Edwin Posadas, MD
Upfront taxane-based chemotherapy with docetaxel improved survival in patients with metastatic prostate cancer, according to phase III findings from the CHAARTED and STAMPEDE trials, but additional findings have shown strong potential with abiraterone acetate (Zytiga) as well, leading physicians to make varying therapy decisions for their patients.
In both studies, explains Edwin M. Posadas, MD, the use of first-line docetaxel in combination with hormonal treatment had a significant reduction in the risk for prostate cancer death. The field began to move quickly toward the use of docetaxel, but soon thereafter were 2 British studies—the STAMPEDE abiraterone arm and the LATITUDE study.
Both trials found that upfront use of abiraterone—an agent that was initially approved after use of docetaxel—in addition to prednisone and standard androgen-deprivation therapy (ADT), or standard initial therapy, resulted in a 38% and 37% reduction in the risk of death in LATITUDE and STAMPEDE, respectively.1,2
The only thing lacking, Posadas says, is a comparison between the studies.
“Should you give a man docetaxel or abiraterone?” he asks. “Many physicians will use their clinical judgement to make that decision. The answer probably lies in the molecular makeup of the tumor.”
As the field continues to hone in on targeted therapies in advanced prostate cancer, targeted agents like nonsteroidal antiandrogens are now being developed for patients with nonmetastatic prostate cancer, as well.
In an interview during the 2018 OncLive®
State of the Science Summit™ on Genitourinary Cancers, Posadas discussed the evolution of prostate cancer therapy, including the earlier use of advanced-stage agents and the potential for immunotherapy in the field.
OncLive: How has systemic therapy in prostate cancer changed in the past year?
: Systemic therapy for advanced prostate cancer has really evolved in the past year. Because of the newer studies that are coming forward, what was used in the most advanced settings are now being used in earlier disease states. This is going to temporarily cause a great deal of confusion as we sort things out. It's critical at this point that physicians who are caring for men with advanced prostate cancer know what tools to use and when to use them. Old paradigms of making treatment decisions based on what line of therapy a patient has been on are probably, and thankfully, going away.
With advancements being made in molecular biology and in our understanding of the biology of advanced prostate cancers, we are entering an era with better targeting and precision of cancer care. This is incredibly important since some of the treatments are more toxic than others and have undesirable side effects—as in the commonly administered hormonally active agents that we use. In the right setting at the right time, we're finding that it really makes a difference in a patient’s quality of life. I’m very excited to be involved in work at this point in time in prostate cancer.

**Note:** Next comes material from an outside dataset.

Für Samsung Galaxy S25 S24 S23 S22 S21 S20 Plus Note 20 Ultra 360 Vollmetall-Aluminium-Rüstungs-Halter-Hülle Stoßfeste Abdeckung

Can you speak to how the CHAARTED, LATITIUDE, and STAMPEDE trials are affecting sequencing strategies?
There have been 3 very large and powerful studies that were put forward within the past 3 years. LATITUDE and STAMPEDE were shown at the 2017 ASCO Annual Meeting. Prior to those studies were the CHAARTED and STAMPEDE docetaxel-focused studies. CHAARTED and STAMPEDE showed that upfront taxane-based chemotherapy, also known as hormonal therapy, improved survival. This is a landmark finding and has resulted in a paradigm shift.
Chemotherapy is generally reserved until the very end because of the perception patients and physicians have that it is toxic and has undesirable side effects. While generally this is true, chemotherapy for prostate cancer is somewhat milder than it is for other neoplasms. Using it at the right time is really important.
What has complicated this even further is the data presented by Drs Maha Hussain of Northwestern University Feinberg School of Medicine and Eric Small of University of California, San Francisco at the 2018 Genitourinary Cancers Symposium. Hussein and Small presented the results from the PROSPER and SPARTAN studies. These trials looked at 2 other agents, enzalutamide (Xtandi) and apalutamide (Erleada), other androgen receptor (AR)-blocking agents or nonsteroidal antiandrogens. These are being used by many clinicians in the nonmetastatic castration-resistant prostate cancer (CRPC) space. After castration, men with a rising prostate-specific antigen (PSA) will receive ADT in the absence of detectable metastatic disease.